MindNews – Seperlima warga Israel yang terpaksa mengungsi dari permukiman mereka setelah 7 Oktober 2023 telah kehilangan pekerjaan. Fenomena ini menyoroti besarnya biaya ekonomi yang harus ditanggung akibat ulah militer Israel terus melakukan perang genosidanya di Gaza.
Mengutip Reuters, puluhan ribu warga Israel dievakuasi dari daerah dekat Jalur Gaza dan perbatasan Lebanon. Sebagian besar menghabiskan waktu berbulan-bulan jauh dari pekerjaannya. Mereka tinggal di perumahan sementara, dibantu subsidi pemerintah sehingga menambah miliaran dolar dana yang dihabiskan untuk Pasukan Pendudukan Israel (IOF) selama perang.

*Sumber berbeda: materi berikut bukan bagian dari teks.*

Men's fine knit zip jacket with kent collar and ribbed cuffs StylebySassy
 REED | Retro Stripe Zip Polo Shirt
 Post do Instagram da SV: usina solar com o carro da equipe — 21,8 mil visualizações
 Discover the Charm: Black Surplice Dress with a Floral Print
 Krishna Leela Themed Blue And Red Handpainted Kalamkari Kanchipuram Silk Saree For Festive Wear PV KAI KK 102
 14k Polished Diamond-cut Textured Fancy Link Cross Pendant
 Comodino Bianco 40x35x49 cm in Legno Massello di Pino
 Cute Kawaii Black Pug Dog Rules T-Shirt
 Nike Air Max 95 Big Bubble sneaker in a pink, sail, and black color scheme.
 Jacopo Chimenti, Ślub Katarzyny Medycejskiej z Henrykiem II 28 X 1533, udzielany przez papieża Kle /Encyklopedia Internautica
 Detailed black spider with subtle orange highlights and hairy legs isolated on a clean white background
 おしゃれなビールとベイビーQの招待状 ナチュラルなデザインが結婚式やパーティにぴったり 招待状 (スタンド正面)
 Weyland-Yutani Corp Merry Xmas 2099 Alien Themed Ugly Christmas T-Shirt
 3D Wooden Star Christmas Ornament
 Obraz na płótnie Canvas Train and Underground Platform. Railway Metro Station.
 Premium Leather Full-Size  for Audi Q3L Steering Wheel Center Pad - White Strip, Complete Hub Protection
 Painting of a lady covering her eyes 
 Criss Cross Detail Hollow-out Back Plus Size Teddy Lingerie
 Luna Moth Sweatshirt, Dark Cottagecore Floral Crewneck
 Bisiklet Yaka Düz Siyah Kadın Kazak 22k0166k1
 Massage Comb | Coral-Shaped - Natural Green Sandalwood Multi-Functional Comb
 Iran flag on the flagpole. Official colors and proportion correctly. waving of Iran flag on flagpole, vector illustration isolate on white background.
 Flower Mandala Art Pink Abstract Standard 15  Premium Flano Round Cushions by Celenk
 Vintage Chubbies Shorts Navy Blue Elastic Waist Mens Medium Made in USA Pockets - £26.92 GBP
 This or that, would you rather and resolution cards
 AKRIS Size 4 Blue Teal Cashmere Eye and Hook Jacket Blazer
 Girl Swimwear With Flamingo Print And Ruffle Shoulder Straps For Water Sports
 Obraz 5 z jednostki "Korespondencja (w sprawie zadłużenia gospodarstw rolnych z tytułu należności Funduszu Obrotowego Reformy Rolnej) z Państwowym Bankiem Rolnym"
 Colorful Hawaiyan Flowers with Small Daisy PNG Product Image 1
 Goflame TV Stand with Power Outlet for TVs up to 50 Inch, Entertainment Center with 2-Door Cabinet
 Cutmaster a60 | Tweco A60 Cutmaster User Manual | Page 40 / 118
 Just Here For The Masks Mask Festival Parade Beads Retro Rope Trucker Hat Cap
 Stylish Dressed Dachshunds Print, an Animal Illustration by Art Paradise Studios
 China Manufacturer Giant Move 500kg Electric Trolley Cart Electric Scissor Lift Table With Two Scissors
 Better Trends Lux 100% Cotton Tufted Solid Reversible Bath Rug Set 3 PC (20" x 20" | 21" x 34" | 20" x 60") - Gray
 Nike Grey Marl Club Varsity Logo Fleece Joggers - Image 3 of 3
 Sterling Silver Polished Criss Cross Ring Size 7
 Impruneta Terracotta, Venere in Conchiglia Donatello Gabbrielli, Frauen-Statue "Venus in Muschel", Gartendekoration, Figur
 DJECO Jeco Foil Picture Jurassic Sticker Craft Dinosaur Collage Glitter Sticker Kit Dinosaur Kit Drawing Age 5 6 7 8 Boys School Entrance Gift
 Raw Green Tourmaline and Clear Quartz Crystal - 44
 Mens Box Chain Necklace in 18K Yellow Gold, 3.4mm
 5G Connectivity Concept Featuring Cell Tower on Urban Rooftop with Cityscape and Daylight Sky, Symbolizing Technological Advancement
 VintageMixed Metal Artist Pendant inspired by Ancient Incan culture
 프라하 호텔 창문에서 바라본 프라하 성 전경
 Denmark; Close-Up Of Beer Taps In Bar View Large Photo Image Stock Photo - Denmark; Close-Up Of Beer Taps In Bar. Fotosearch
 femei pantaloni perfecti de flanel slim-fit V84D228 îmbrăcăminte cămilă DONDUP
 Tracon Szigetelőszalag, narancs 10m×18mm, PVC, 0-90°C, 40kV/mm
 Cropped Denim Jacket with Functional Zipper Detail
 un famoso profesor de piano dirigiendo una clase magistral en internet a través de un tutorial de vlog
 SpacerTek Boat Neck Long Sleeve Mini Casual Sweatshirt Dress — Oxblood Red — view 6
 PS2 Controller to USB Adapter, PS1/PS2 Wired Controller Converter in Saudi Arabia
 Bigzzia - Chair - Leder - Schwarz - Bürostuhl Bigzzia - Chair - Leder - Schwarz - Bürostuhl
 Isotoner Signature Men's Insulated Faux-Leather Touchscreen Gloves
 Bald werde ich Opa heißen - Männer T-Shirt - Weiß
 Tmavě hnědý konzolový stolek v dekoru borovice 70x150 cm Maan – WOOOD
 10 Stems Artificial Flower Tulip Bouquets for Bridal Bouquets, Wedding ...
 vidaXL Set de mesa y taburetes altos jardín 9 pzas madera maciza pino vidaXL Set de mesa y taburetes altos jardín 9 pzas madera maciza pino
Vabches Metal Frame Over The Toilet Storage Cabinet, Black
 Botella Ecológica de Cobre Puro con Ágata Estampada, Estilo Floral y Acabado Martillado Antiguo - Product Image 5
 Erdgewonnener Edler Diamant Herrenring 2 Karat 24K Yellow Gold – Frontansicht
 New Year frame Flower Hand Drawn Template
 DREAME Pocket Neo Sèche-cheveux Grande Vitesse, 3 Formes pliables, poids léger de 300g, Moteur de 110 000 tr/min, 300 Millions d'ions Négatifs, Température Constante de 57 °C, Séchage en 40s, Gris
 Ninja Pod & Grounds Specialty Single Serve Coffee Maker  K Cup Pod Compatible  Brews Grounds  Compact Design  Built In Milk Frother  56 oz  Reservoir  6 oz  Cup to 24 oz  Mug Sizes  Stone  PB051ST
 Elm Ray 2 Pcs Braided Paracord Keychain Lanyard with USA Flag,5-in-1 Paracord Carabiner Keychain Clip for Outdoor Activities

Sebuah studi yang dilakukan pada Desember dan Januari oleh lembaga pemikir nonpartisan Israel Democracy Institute (IDI) mengungkapkan, sedikitnya lebih dari sepertiga (39%) warga Israel telah kembali ke pemukiman mereka, sementara mayoritas wilayah utara masih kosong.
Namun, menurut studi IDI, 19% individu yang bekerja sebelum perang telah menjadi pengangguran saat survei dilakukan. Ini menekankan biaya tinggi bagi negara yang ekonominya hanya akan tumbuh 1% pada 2024. Tiga persen lainnya dipanggil untuk tugas militer cadangan.
Sekitar sepertiga rumah tangga Israel telah melaporkan penurunan pendapatan sejak dimulainya perang, dengan jumlah mencapai hingga 44% di utara, tempat aktivitas ekonomi yang melibatkan perusahaan, pariwisata, dan pertanian terpukul parah.
Bank Israel menyatakan pada bulan Oktober bahwa perlambatan parah dalam aktivitas ekonomi di wilayah utara yang diduduki akan memperburuk tekanan pada ekonomi yang sudah tertekan oleh meningkatnya pengeluaran militer dan kekurangan tenaga kerja di industri vital seperti konstruksi.
Pemukim Israel Menolak Kembali ke Metulla, 70% Rumah Hancur
Yair Kraus, koresponden utara untuk surat kabar Israel Yedioth Ahronoth, melaporkan bahwa para pemukim di pemukiman Metulla mengajukan petisi ke Mahkamah Agung minggu lalu. Mereka meminta perintah bersyarat dan sidang mendesak untuk membahas banding atas pengecualian pemukiman tersebut dari keputusan pengembalian.
Petisi tersebut menekankan bahwa penduduk akan dipaksa meninggalkan rumah, tempat kerja, dan sekolah mereka saat ini untuk segera kembali, meskipun 70% rumah di pemukiman tersebut rusak. Metulla, dinilai tidak siap untuk menampung mereka. Petisi tersebut juga menyoroti risiko keamanan signifikan yang sedang berlangsung di daerah tersebut.
Menurut surat kabar tersebut, para pemukim mengkritik keputusan pemerintah mewajibkan untuk kembali ke tanah mereka meskipun terjadi kerusakan besar pada rumah-rumah dan infrastruktur publik. Mereka bahkan mendesak para hakim Mahkamah Agung untuk mengunjungi Metulla, menilai situasi secara langsung, dan mengakui bahwa keputusan tersebut tidak masuk akal, karena pemukiman tersebut saat ini tidak layak huni.
Kraus mengonfirmasi bahwa Metulla menjadi sasaran lebih dari 2.200 roket, mortir, dan rudal selama perang. Dalam petisi mereka, dewan lokal menyoroti kondisi yang mengerikan, menekankan bahwa sebagian besar penduduk tidak memiliki tempat berteduh, kamar berdinding, atau bentuk perlindungan apa pun.